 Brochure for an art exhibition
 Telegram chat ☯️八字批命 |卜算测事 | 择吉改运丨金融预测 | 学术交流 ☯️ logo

....................

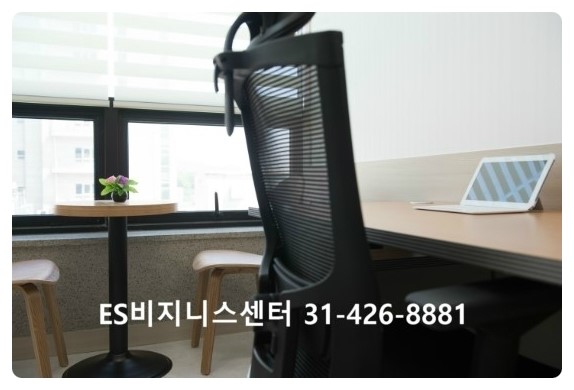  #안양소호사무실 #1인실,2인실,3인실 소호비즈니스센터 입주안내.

....................

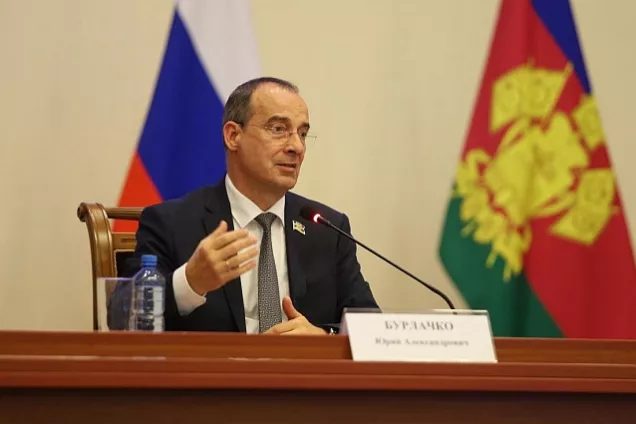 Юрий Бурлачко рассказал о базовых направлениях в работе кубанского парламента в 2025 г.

....................

Find where the line with "Brochure for an art exhibition" sits in the material above, then copy exactly from it through the line with "Telegram chat ☯️八字批命". Add no other line.

 Brochure for an art exhibition
 Telegram chat ☯️八字批命 |卜算测事 | 择吉改运丨金融预测 | 学术交流 ☯️ logo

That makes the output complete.